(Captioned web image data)
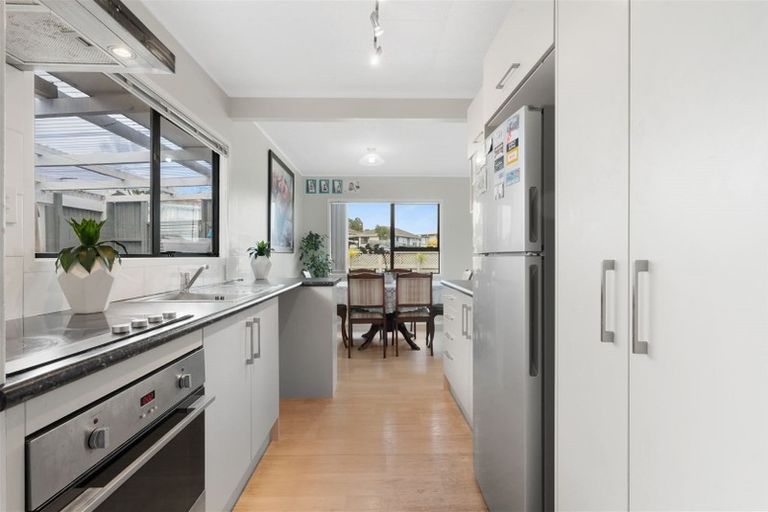 Photo of property in 13 Kopu Place, Clendon Park, Auckland, 2103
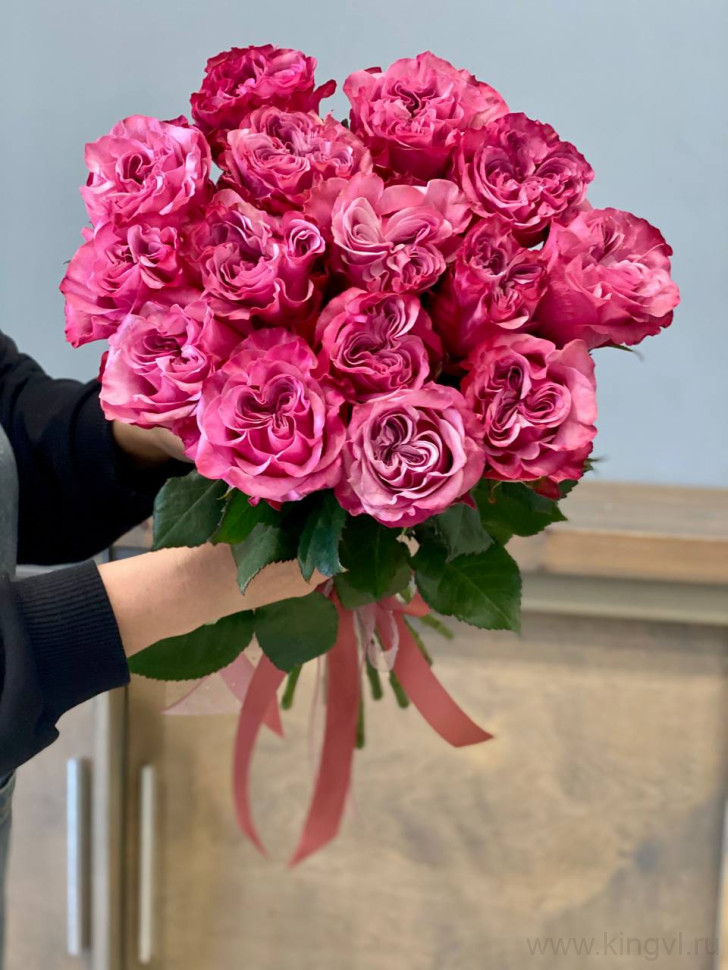 Букет 15 роз  Кантри Блюз. Цветы Владивосток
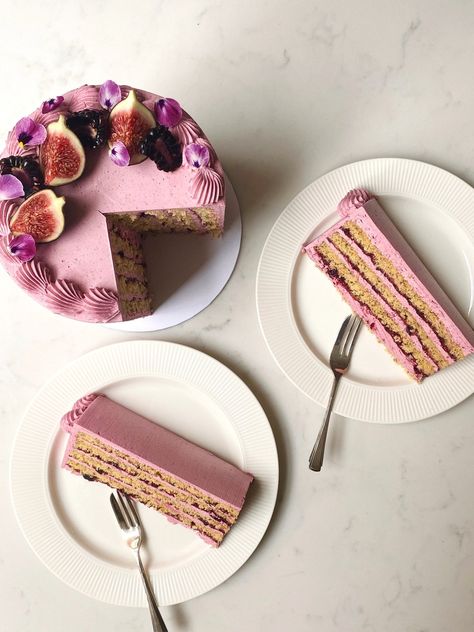 Vertical Cake Recipes, Vertical Cake, Vertical Layer Cake, Striped Cake Tutorial, Best Vanilla Cake Recipe For Stacking, British Lemon Drizzle Cake, Great British Baking Show Chocolate Raspberry Cake, Susie Cakes, Purple Wedding Cake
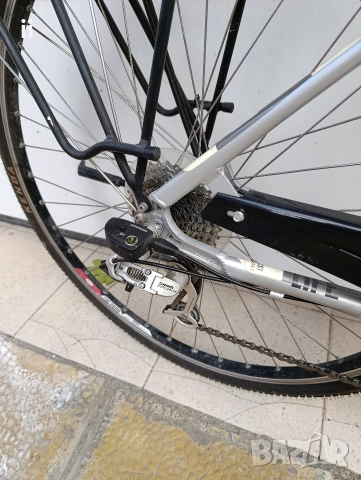 Градски велосипед 28 цола , снимка 2 - Велосипеди - 52573597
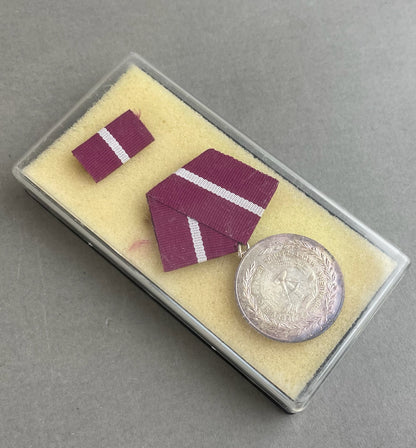 Østtysk DDR Medalje i Æske. Original.
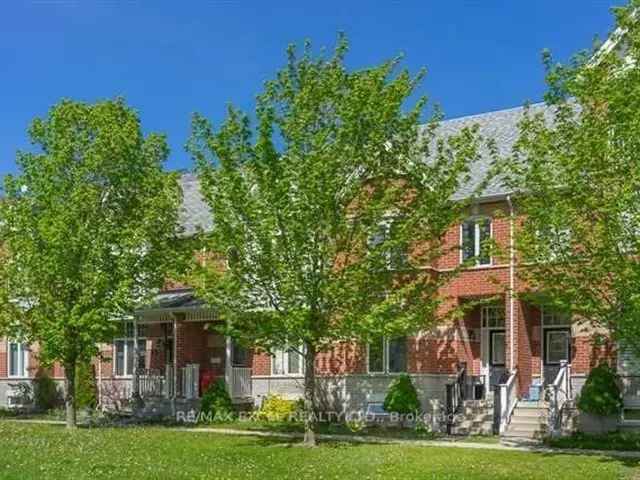 2-Storey Freehold Townhome in Cornell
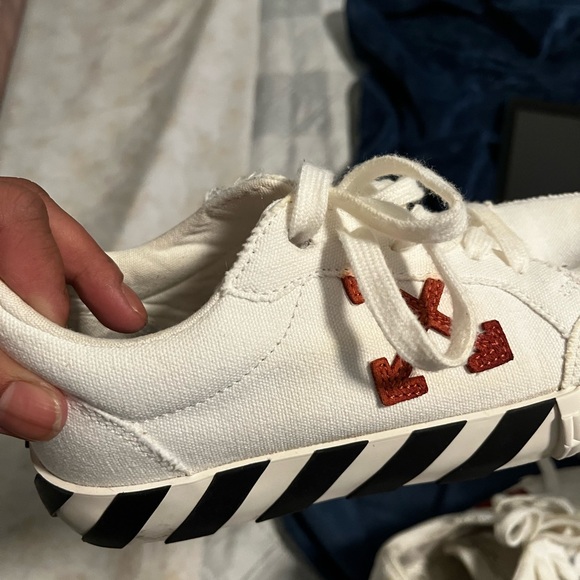 Off white sneakers - Picture 4 of 4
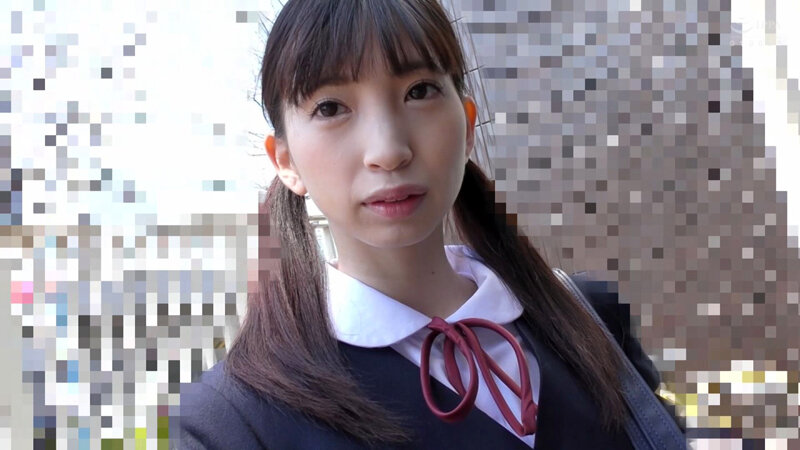 「【冬愛ことね】パイパン美少女JKにイラマチオ＆中出し！お嬢様制服ミニ系の個人撮影」のサンプル画像1枚目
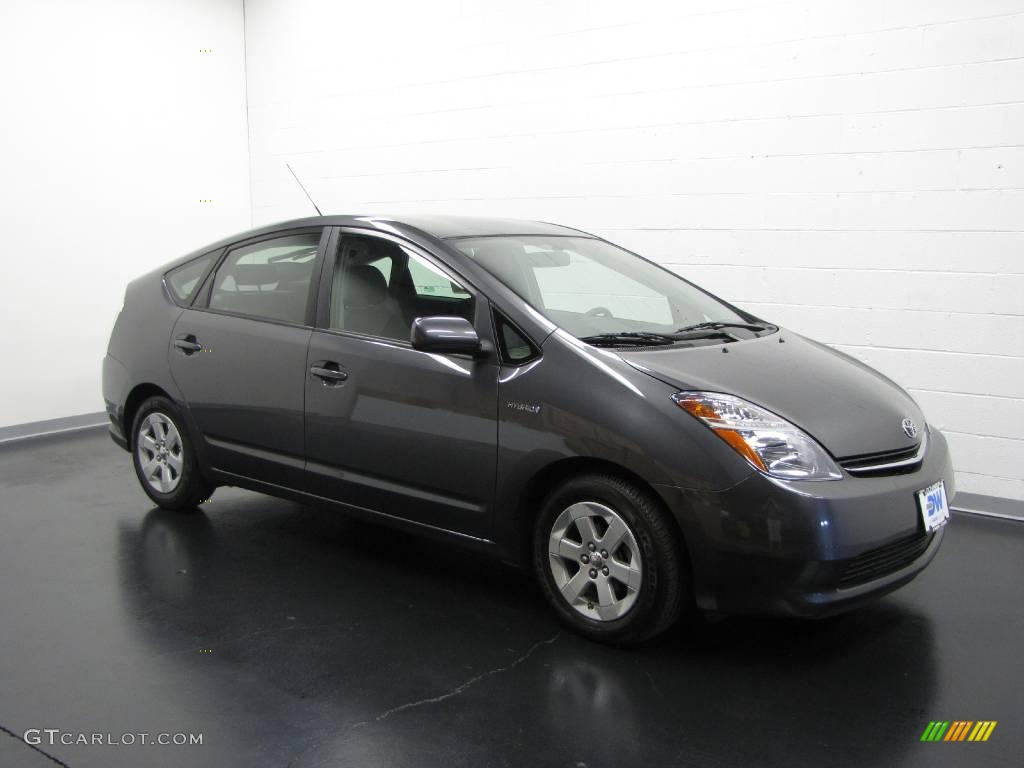 2008 Prius Hybrid - Magnetic Gray Metallic / Gray photo #1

● Work instructions
Please reproduce the data above word for word, skipping all images.

● Expected answer
 Photo of property in 13 Kopu Place, Clendon Park, Auckland, 2103
 Букет 15 роз  Кантри Блюз. Цветы Владивосток
 Vertical Cake Recipes, Vertical Cake, Vertical Layer Cake, Striped Cake Tutorial, Best Vanilla Cake Recipe For Stacking, British Lemon Drizzle Cake, Great British Baking Show Chocolate Raspberry Cake, Susie Cakes, Purple Wedding Cake
 Градски велосипед 28 цола , снимка 2 - Велосипеди - 52573597
 Østtysk DDR Medalje i Æske. Original.
 2-Storey Freehold Townhome in Cornell
 Off white sneakers - Picture 4 of 4
 「【冬愛ことね】パイパン美少女JKにイラマチオ＆中出し！お嬢様制服ミニ系の個人撮影」のサンプル画像1枚目
 2008 Prius Hybrid - Magnetic Gray Metallic / Gray photo #1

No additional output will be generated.